Menurut Rasjidi, aliran kebatinan dan Islam adalah dua hal yang berbeda. Orang-orang yang memakai Islam sebagai dasar gerakan kebatinan, sebenarnya mereka adalah orang yang tidak mampu untuk membedakan antara dasar Hindu dan Islam. Bagaiamana dengan dakwah kalangan Nasrani?
Haji Mohammad Rasjidi tidak lama menempati posnya sebagai menteri agama. Hanya sampai awal Oktober 1946. Meski begitu, ia tetap berperan dalam perjuangan negara yang baru dibentuk itu.
Syahdan, pada 13 Maret 1946 ,Mohammad Abdul Mounem, Konsul Jenderal Mesir di Bombay menemui pemerintah Indonesia sebagai utusan Liga Arab yang berkedudukan di Kairo. Ia utusan negara asing pertama yang datang ke Ibu kota Republik Indonesia setelah berhasil menerobos blokade diplomatik Belanda. Setelah mengadakan tukar pikiran dengan Bung Karno, Bung Hatta, dan sejumlah pembesar Republik lainnya, diputusanlah untuk mengirimkan delegasi Indonesia ke negara-negara Timur Tengah. Delegasi itu disebut Delegasi Diplomatik RI dan diketuai oleh Haji Agus Salim dengan anggota Mr. Nazril Dt. Pamuntjak, Abdul Kadir, dan Abdul Rachman Baswedan. Smentara Rasjidi ditunjuk sebagai sekretaris sekaligus bendahara.
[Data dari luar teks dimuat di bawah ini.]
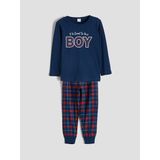 Lc Waikiki Yeni Sezon Bisiklet Yaka Baskılı Erkek Çocuk Pijama Takımı Baba Oğul Kombini - Lacivert - 3 - 4 Yaş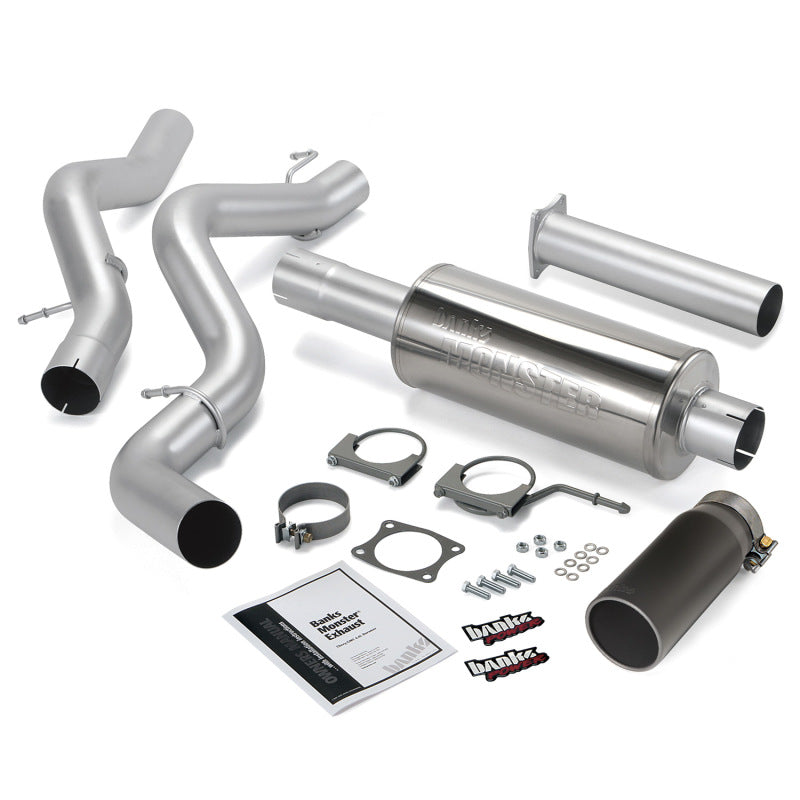 Banks Power 06-07 Chevy 6.6L CCLB Monster Exhaust System - SS Single Exhaust w/ Black Tip - DTX Performance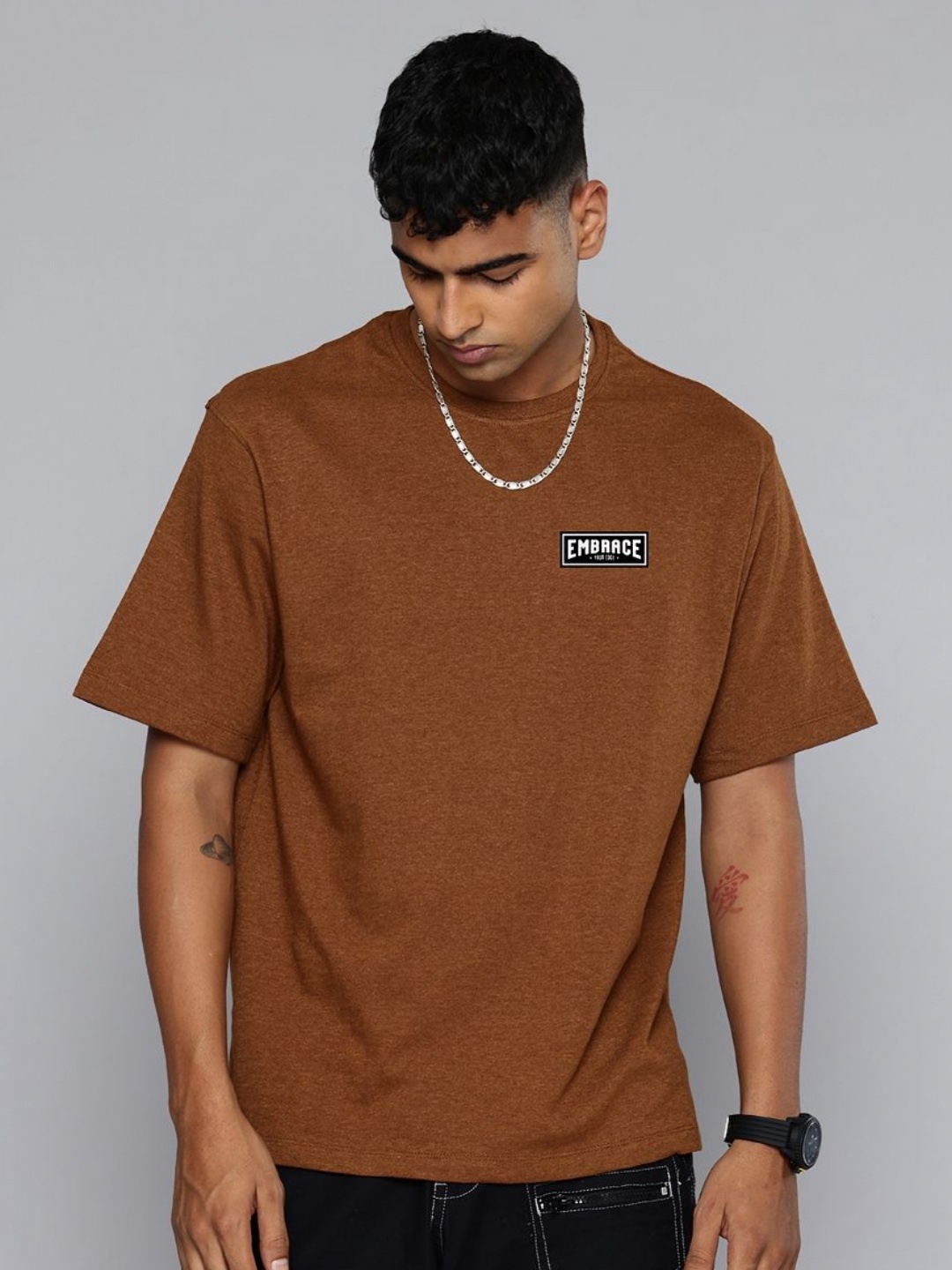 

R.Code by The Roadster Lifestyle Co. Men Solid Cotton Relaxed Fit T-shirt, Mustard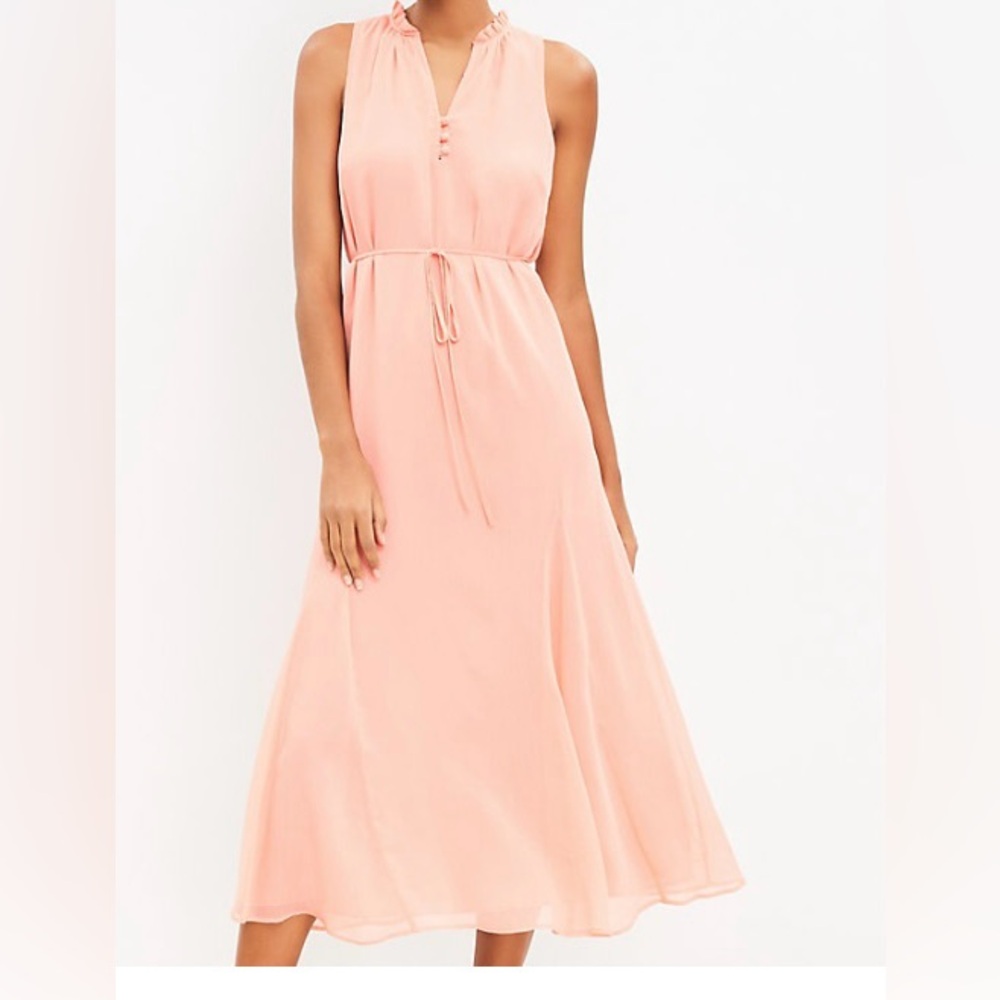 Loft Women’s Dress, Godet Halter Midi Dress, Small, Light Papaya.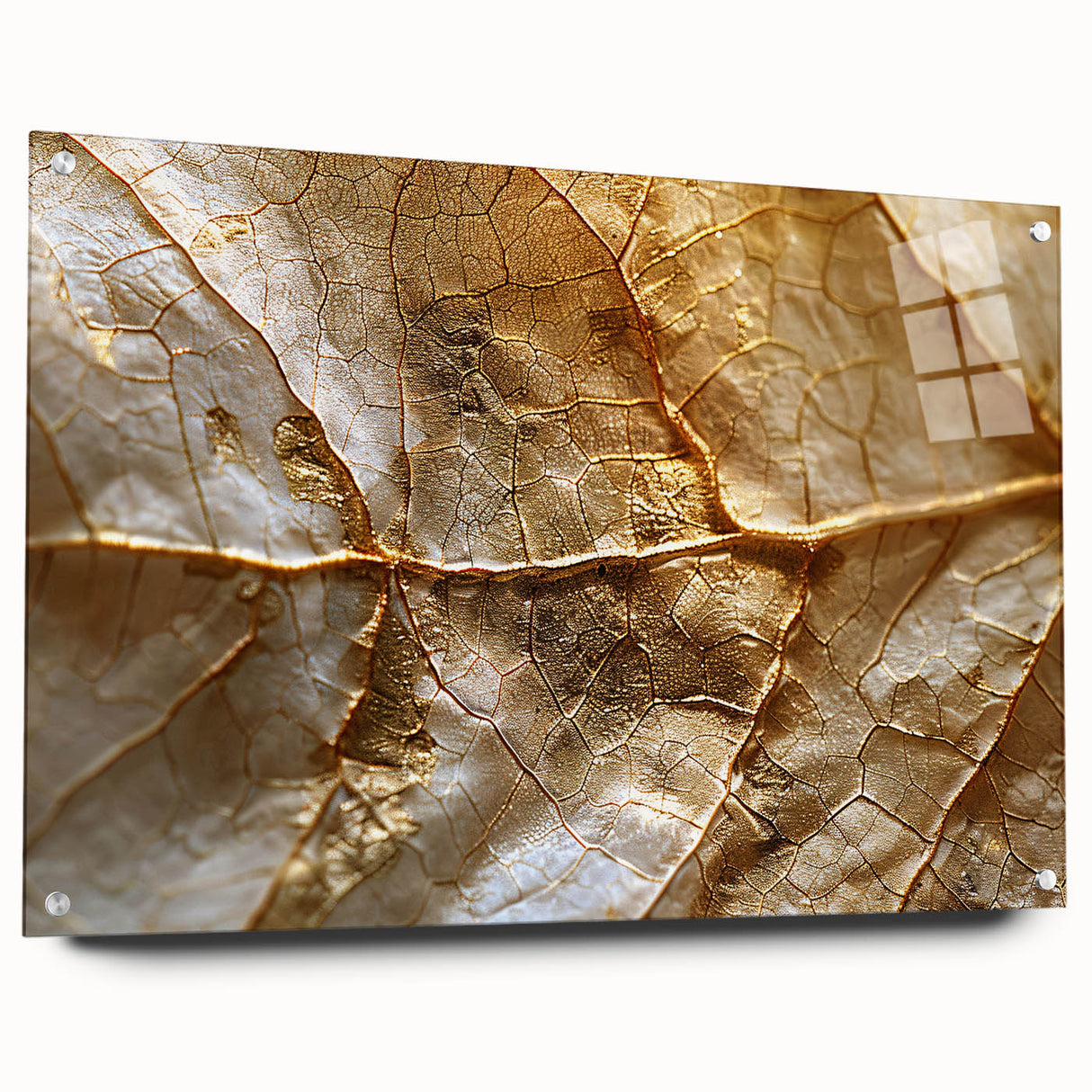 Acrylic wall art featuring a vibrant floral and botanical design with layered leaves, displayed in a modern setting, showcasing intricate details and colors. Perfect for home decor enthusiasts looking to enhance their interiors with nature-inspired aesthetics.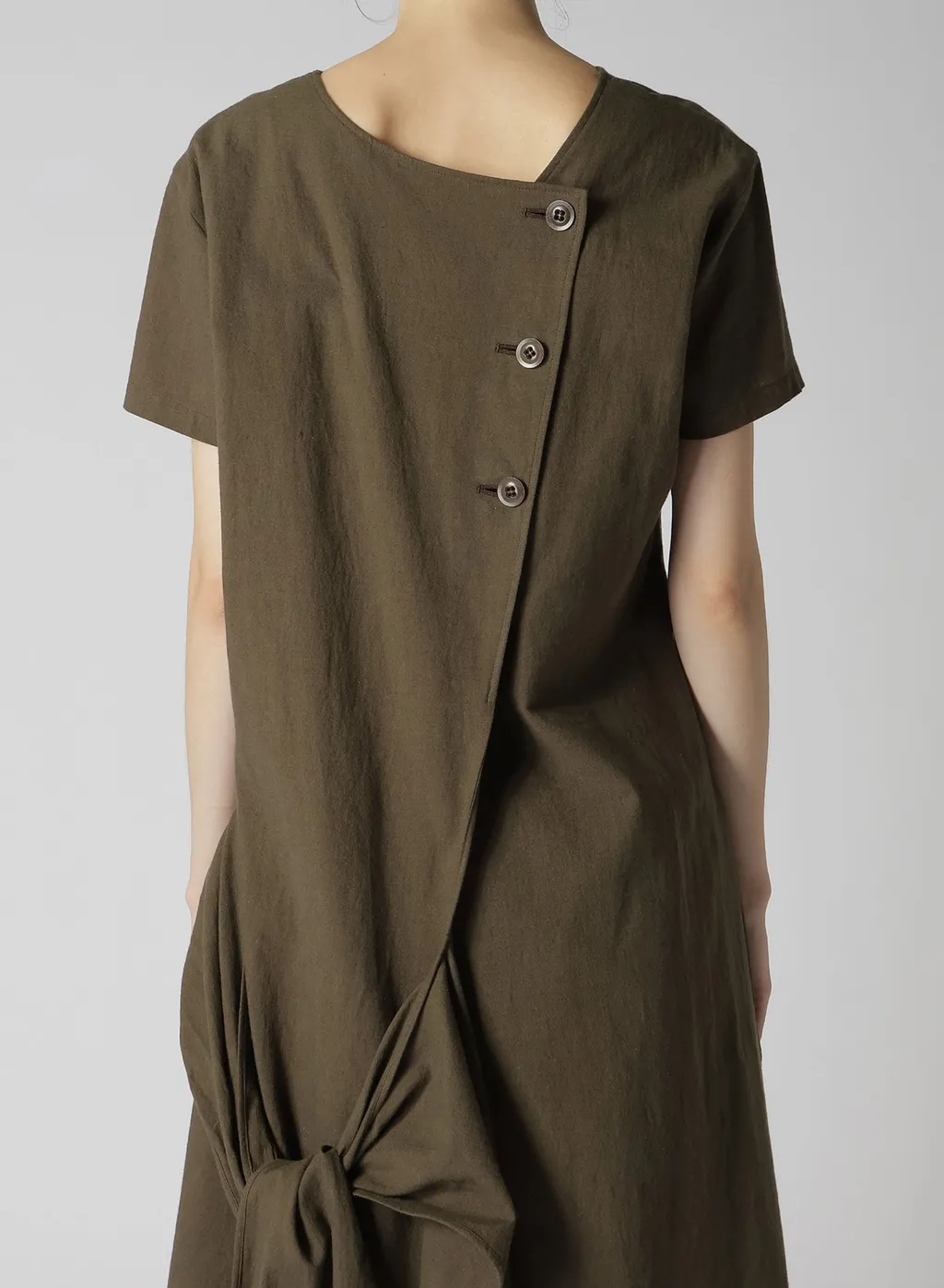 Cotton Flax Poplin Back Tie Dress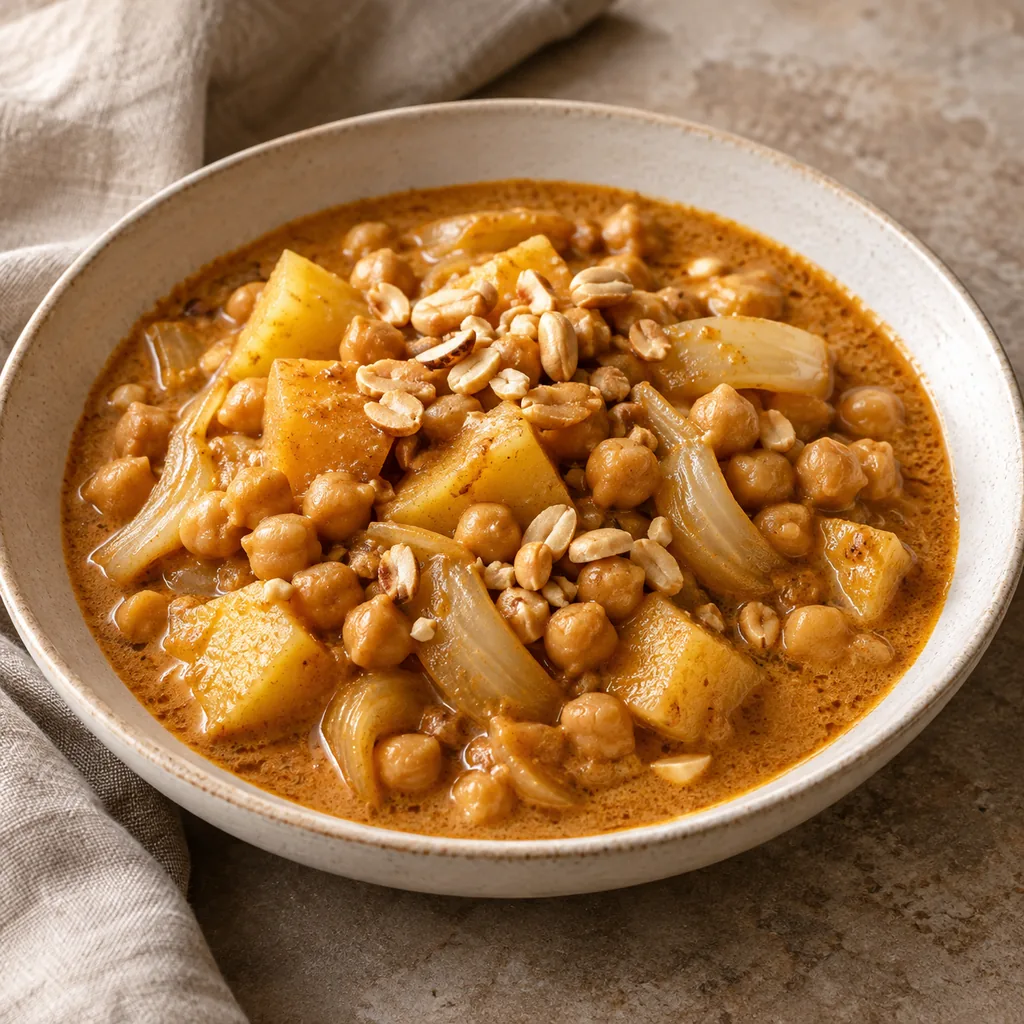 AI-generated serving suggestion for Massaman chickpea curry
Tugas berat lainnya yan harus dipikul Rasjidi urusan jemaah haji Indonesia yang sudah mulai berdatangan ke Arab Saudi. Saat itu Pemerintah belum ada komunikasi dengan kerajaan Saudi. Padahal Belanda sudah akan memberangkatkan 10 ribu orang jemaah haji. Rasjidi kemudian memanfaatkan kertas kosong yang sudah ditandatangani oleh Haji Agus Salim. Ditulisnya surat kepada Raja Abdul Aziz, yang menyebutkan pengangkatan dirinya sebagai delegasi Republik Indonesia untuk mengadakan perundingan dengan Pemerintah Saudi.
Dengan bekal surat itulah, Rasjidi berangkat menuju Arab Saudi, guna melakukan diplomasi untuk memperkenalkan Republik Indonesia kepada Raja Arab sekaligus mencari pengakuannya. Rasjidi belum berpengalaman dalam diplomasi dan protokoler. Bekalnya hanya hasil bacaannya dari buku-buku ilmu diplomasi berbahasa Inggris dan Perancis.
Pada 1949 Rasjidi diangkat menjadi Duta Besar Indonesia untuk Mesir dan Arab Saudi yang berkedudukan di Kairo. Lalu, pada 1953 ia dipindahkan ke Teheran. Tiga belas bulan kemudian Rasjidi dipindah ke Jakarta. Rupanya, di Jakarta jabatan Rasjidi hanya di bidang administrasi. Maka, ia memilih untuk melanjutkan studinya ke Universitas Sorbonne, Paris, atas beasiswa dari Yayasan Rockefeller pada 1954.Ia berhasil mempertahankan tesisnya yang berjudul “I ‘Evolution de I’Islam en Indonesie ou Consideration Critique du Livre Tjentini”. Ia mendapat gelar Docteur de I’Université de Paris avec la mention Trés honorable atau Cum Laude.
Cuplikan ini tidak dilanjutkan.